Tuesday, December 22, 2009

Sports vs. Athletics: A DP-Inspired Exploration

This morning on the Dan Patrick Show, DP and the Danettes rekindled a debate that has raged far and wide throughout the world of physical exertion and organized competition. It started with the announcement that Jimmie Johnson was being named AP's male Athlete of the Year, and the question was basically: what is a sport and what isn't?

The debate kicked into high gear when Paulie took exception to McLovin's assertion that NASCAR was definitely NOT a sport, or more specifically, that NASCAR drivers (and runners) aren't athletes.

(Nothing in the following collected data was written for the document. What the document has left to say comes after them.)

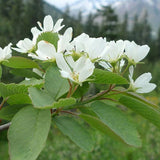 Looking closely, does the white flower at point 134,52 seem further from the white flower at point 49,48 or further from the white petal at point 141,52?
the white flower at point 49,48

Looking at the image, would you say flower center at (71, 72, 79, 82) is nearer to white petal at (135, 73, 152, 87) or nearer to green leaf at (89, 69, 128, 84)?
green leaf at (89, 69, 128, 84)

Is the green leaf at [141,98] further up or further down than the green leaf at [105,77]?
further down

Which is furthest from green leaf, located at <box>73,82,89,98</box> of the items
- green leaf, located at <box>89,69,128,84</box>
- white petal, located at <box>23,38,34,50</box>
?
white petal, located at <box>23,38,34,50</box>

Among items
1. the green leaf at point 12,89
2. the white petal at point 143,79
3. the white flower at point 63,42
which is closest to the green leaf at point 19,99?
the green leaf at point 12,89

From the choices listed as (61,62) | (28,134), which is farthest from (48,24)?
(28,134)

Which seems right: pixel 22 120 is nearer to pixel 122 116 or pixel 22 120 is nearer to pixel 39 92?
pixel 39 92

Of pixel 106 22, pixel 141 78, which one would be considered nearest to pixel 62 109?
pixel 141 78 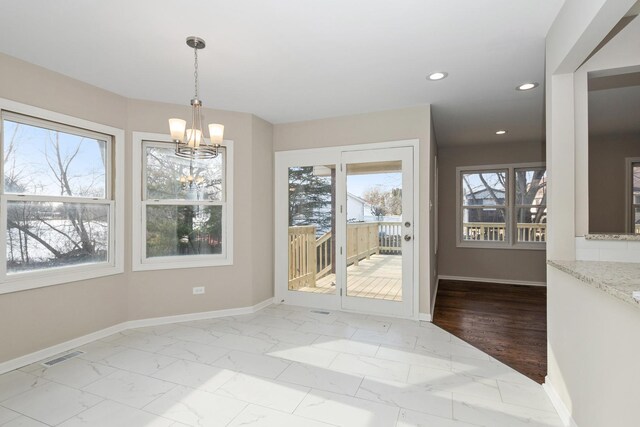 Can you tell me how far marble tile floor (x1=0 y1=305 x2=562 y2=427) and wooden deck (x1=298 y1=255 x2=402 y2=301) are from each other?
66 centimetres

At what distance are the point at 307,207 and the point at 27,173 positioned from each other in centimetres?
289

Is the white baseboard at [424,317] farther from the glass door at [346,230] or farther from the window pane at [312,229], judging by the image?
the window pane at [312,229]

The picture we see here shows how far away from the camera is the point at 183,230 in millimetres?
3803

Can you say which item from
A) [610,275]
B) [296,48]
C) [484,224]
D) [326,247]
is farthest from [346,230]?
[484,224]

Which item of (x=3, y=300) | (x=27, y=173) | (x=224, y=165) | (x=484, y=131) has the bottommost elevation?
(x=3, y=300)

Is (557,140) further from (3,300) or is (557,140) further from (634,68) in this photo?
(3,300)

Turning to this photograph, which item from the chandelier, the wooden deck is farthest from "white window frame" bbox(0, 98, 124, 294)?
the wooden deck

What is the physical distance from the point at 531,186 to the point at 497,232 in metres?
1.00

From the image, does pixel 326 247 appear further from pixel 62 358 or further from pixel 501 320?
pixel 62 358

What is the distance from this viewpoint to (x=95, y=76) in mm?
2963

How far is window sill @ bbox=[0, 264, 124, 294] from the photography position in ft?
8.52

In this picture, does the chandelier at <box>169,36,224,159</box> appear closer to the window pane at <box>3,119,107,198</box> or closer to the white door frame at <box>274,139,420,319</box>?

I am somewhere between Paulie and George Carlin ("If there ain't a ball, it ain't a sport") on this. I've had this debate about any number of "sports" with any number of people, so without further ado, let's go one-by-one here:

For me, you have to distinguish between "sport" and "athletic activity," and for some reason, people who are relegated to the "athletic activity" seem to take it as a personal affront, even though some of the most physically-demanding activities (weight-lifting, running) belong in that category for me.

These are all sports, mainly because they have a ball. You can throw hockey in here, too, because it's got a ball-substitute in the puck. Also, you have two teams competing against one another, with one team having the direct potential to affect the other team's chances of winning, which is also very important to me in qualifying something as a sport.

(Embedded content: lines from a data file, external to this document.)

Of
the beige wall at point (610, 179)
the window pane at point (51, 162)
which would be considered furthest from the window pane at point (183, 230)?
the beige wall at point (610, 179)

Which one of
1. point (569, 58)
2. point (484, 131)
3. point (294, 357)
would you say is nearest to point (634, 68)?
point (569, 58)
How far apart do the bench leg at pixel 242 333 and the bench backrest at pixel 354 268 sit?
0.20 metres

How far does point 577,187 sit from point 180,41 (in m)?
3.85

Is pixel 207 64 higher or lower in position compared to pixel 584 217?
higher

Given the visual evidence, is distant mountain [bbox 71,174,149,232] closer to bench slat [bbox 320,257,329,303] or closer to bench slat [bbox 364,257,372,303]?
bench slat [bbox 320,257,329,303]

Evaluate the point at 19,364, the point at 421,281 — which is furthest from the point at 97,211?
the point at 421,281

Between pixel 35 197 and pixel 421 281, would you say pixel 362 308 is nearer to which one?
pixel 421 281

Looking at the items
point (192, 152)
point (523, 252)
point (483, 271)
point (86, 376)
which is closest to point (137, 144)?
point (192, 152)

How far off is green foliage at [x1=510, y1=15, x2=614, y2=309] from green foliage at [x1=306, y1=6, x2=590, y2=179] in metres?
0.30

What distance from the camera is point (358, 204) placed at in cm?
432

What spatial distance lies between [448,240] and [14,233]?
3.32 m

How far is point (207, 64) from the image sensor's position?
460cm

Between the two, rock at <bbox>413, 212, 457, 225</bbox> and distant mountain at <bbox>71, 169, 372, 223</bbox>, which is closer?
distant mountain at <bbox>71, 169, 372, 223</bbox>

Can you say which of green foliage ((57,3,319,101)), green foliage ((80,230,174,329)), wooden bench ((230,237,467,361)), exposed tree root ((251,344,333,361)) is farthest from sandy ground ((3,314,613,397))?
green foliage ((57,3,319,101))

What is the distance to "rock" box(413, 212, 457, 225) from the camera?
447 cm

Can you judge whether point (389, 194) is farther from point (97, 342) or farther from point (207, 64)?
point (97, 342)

Yes, it has a ball. But if a 50-year-old can beat a 20-year-old at it, it's not a sport. Sorry, it's just not. Additionally, golf is primarily a competition against yourself. You can play golf by yourself. Can't do that with basketball, football, baseball, or hockey.

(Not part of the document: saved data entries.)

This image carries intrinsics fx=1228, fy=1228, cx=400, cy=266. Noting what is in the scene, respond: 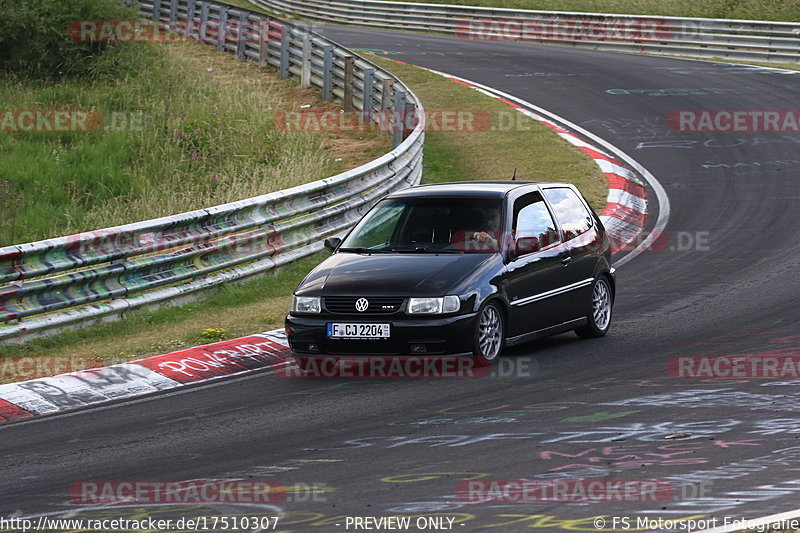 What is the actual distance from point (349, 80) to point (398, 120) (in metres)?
3.88

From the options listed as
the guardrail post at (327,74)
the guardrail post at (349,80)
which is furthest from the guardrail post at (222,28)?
the guardrail post at (349,80)

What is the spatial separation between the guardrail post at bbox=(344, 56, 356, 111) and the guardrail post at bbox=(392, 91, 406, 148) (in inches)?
135

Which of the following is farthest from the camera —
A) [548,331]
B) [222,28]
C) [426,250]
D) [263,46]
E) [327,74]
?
[222,28]

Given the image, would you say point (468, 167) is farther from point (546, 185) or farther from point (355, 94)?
point (546, 185)

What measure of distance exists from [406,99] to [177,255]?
9.42m

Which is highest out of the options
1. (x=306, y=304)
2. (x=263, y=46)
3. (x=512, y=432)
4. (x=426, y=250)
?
(x=263, y=46)

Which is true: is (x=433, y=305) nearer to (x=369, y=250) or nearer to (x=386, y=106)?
(x=369, y=250)

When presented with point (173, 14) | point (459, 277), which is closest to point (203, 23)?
point (173, 14)

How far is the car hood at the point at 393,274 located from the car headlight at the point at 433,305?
5 cm

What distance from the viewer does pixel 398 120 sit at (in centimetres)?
2019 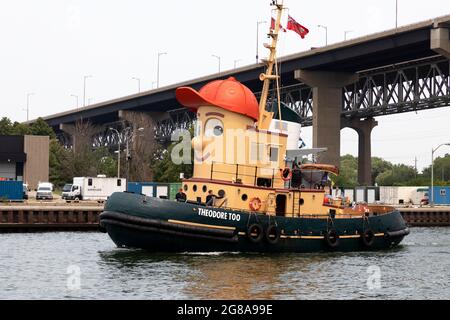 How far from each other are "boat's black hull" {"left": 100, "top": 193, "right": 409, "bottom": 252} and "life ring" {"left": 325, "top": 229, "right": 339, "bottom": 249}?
0.12 meters

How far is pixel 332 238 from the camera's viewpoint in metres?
43.1

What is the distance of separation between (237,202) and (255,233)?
1.66 meters

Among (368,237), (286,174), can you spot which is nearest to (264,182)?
(286,174)

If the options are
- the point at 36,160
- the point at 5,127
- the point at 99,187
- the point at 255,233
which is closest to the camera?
the point at 255,233

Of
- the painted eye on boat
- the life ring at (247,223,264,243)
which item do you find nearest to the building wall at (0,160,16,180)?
the painted eye on boat

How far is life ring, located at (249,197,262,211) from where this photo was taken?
4081 cm

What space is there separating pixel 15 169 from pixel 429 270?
3465 inches

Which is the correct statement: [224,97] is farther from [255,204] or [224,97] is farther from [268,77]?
[255,204]

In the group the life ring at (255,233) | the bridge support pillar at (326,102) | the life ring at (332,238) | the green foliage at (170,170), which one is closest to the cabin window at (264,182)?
the life ring at (255,233)

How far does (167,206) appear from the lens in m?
38.9

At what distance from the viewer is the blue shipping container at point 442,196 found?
103 metres

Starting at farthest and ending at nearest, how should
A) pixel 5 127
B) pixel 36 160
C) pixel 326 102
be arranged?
1. pixel 5 127
2. pixel 36 160
3. pixel 326 102

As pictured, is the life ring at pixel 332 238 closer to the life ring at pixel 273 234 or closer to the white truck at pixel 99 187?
the life ring at pixel 273 234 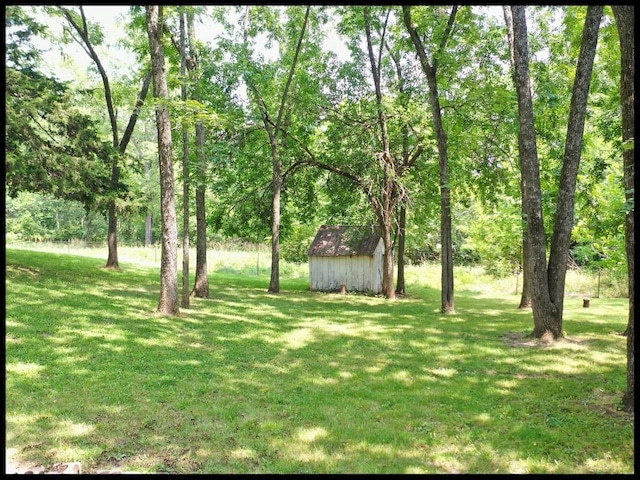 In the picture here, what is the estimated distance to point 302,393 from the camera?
6.08 metres

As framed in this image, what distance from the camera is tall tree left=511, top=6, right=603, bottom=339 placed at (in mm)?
9109

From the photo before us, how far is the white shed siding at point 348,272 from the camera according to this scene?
70.4 ft

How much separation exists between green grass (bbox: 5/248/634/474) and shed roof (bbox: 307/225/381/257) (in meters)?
9.52

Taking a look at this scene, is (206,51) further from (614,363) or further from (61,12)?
(614,363)

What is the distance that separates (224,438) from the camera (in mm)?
4582

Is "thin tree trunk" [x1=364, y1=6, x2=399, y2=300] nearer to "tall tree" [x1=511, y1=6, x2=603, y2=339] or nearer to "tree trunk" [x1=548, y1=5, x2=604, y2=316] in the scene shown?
"tall tree" [x1=511, y1=6, x2=603, y2=339]

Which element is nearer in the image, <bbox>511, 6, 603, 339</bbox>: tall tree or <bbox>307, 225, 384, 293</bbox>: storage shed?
<bbox>511, 6, 603, 339</bbox>: tall tree

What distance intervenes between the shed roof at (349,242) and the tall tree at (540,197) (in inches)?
475

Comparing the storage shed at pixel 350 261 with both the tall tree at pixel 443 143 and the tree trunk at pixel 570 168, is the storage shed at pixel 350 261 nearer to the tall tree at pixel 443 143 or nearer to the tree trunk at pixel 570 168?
the tall tree at pixel 443 143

Again, Paulie seems to have taken this part really personally; I agree that it takes tremendous physical stamina and baseball-caliber coordination to be a race-car driver, and they are indeed athletic. But you could say the same of a fighter pilot. I wouldn't call them an athlete. Another important consideration for NASCAR is that there is a machine involved. The human, unlike cycling, is not providing the sole source of power. And on that note...

Great athletes? Yes, no doubt. Are they sports? No, they are not. Someone whose name escapes me once said, "Running is what you do to train for a sport," and I tend to agree with that. Doesn't mean that the world's fastest runner isn't a great athlete. Another of my important considerations for a sport is direct competition, along with having a chance to directly affect the opponent(s)' chance to win. Even in NASCAR, you can swap paint and cut off your opponents; can't do that in track and field.

• Volleyball
• Lacrosse
• Rugby
• Ultimate frisbee (that's right, I said frisbee is a sport and NASCAR isn't)

• Cheerleading
• Bobsledding
• Skiing
• Snowboarding (most winter sports, let's say, in the interest of saving time)

I welcome any and all debate.


  1. ultimate frisbee is like golf...a 50 yr could beat a 20 yr old

  2. Depends... the way we played in college, whoever has the frisbee is stationary and everyone else is in constant motion. Over the course of a game, that favors the 20-year-old.

    What I should have written is that "if a SEVENTY-YEAR-OLD can beat a 20-year-old at it," since what I meant was that a sport should emphasize direct athletic competition.